**Exercise directions:** In the listing that follows, find the line with "14-pc, Knife block set, Natural", then copy exactly from it through the line with "Nylon Short Black Dark Blue – _J.L-A.L_", leaving out every picture.

**Supplied material:**
· · · · · · ·

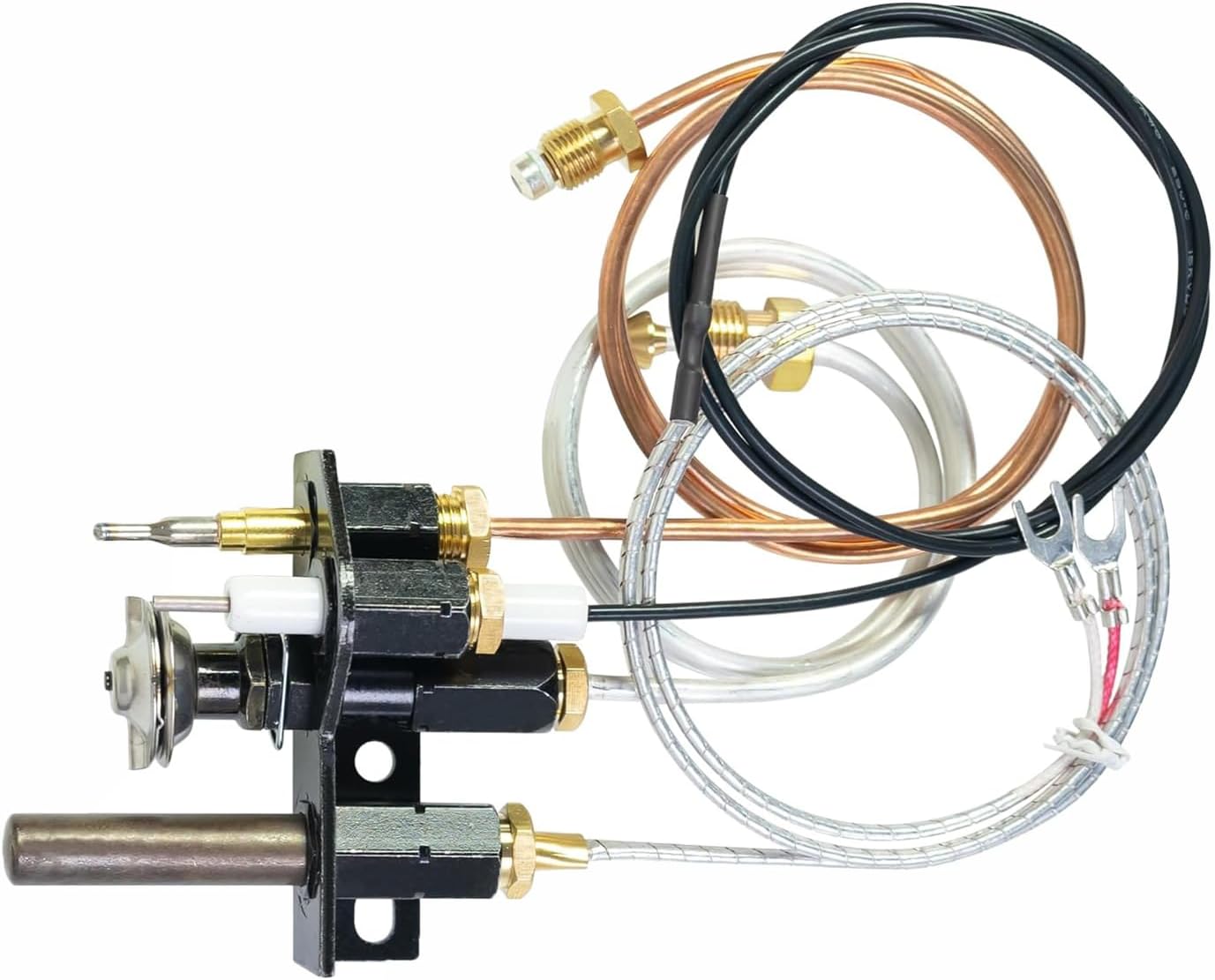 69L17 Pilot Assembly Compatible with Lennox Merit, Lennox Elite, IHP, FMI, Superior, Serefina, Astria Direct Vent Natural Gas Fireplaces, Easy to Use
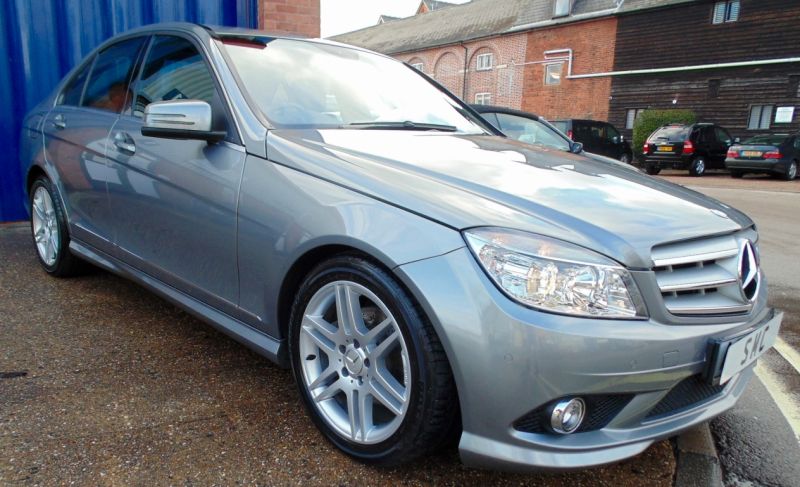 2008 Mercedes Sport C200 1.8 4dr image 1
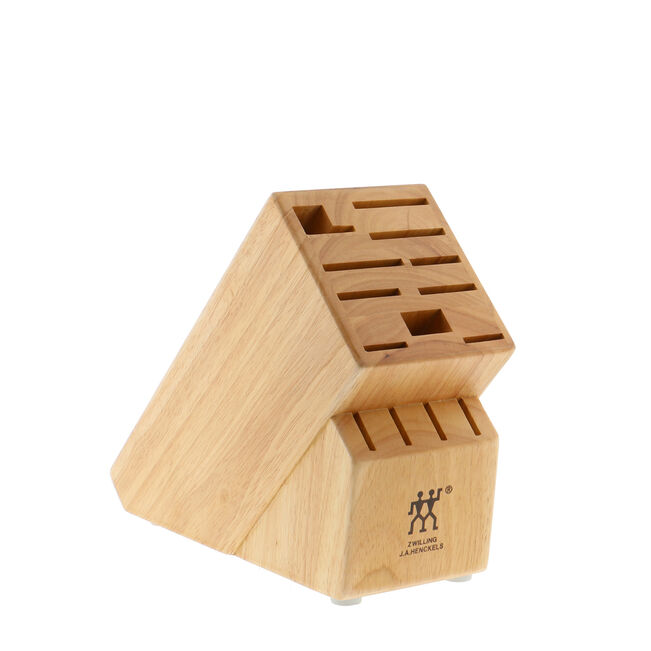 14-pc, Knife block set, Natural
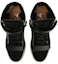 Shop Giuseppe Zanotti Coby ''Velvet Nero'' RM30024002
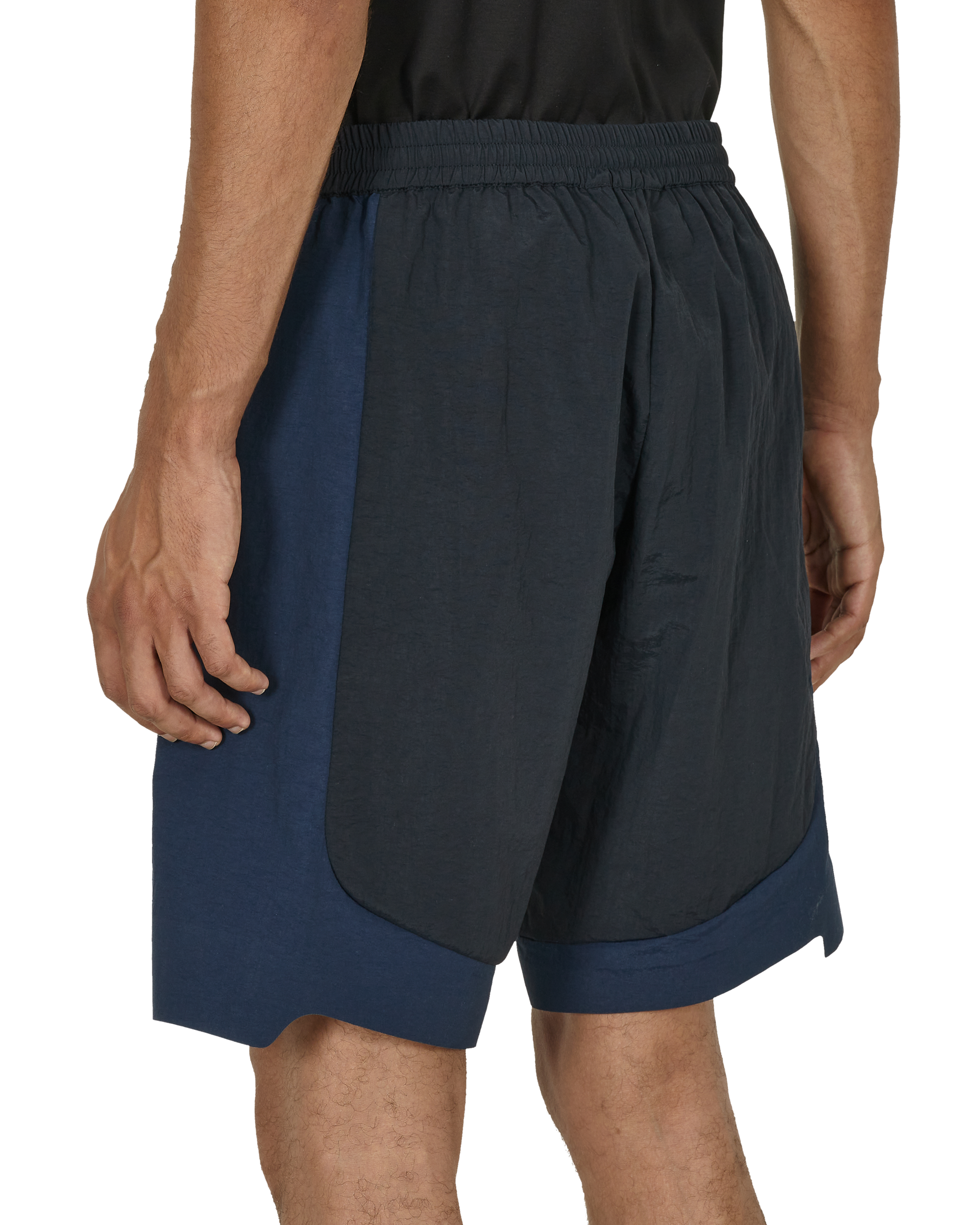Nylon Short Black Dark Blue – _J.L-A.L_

· · · · · · ·

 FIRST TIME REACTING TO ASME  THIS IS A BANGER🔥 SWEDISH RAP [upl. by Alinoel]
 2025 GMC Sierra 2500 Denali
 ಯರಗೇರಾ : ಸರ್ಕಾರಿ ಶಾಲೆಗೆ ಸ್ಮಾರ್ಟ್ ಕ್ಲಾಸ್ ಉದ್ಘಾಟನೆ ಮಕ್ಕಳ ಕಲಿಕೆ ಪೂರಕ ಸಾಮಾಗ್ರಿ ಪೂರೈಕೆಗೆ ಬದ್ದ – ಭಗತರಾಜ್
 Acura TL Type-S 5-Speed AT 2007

· · · · · · ·

**Answer section:**
 14-pc, Knife block set, Natural
 Shop Giuseppe Zanotti Coby ''Velvet Nero'' RM30024002
Nylon Short Black Dark Blue – _J.L-A.L_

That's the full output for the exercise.